She smiles, and takes his hand in hers and then she presses it against her heart, "You were _here_ , too. You were always here." She leans forward and presses a kiss to his lips, "I wouldn't have any of it if it weren't for you." At his look, she smiles, then glances at the TV, "Anyone who ever gave you confidence, you owe them a lot." She laughs; she's no Holly Golightly, but it's true—whenever she looked in the mirror and couldn't see the girl she was when she started her journey, she just had to look at Deacon. She knew _he saw her_.

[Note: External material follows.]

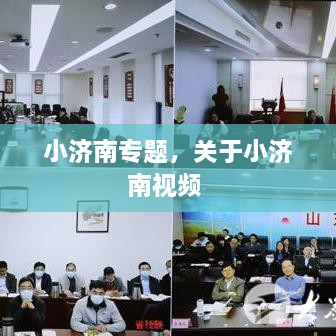 小濟南專題，關于小濟南視頻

Deacon shakes his head, " _I_ owe _you_." He whispers against her lips, because she saved his life even when she didn't know it was in danger. The thought of her kept him sober, kept him grounded, kept him _alive_.

Their lips come together like a vow: _they can love only each other._

He pulls back to look at her, overwhelmed, and then he presses his lips to hers again. He opens his mouth against hers as she kisses him back and it feels like the stars are imploding. He runs his hand up the hem of her shirt, his tongue gliding over hers. She sucks in her breath at the feel of his rough hands on the soft skin of her stomach, inhales against his mouth as his hand creeps lower, dipping into the top of her sweatpants, reaching lower, lower.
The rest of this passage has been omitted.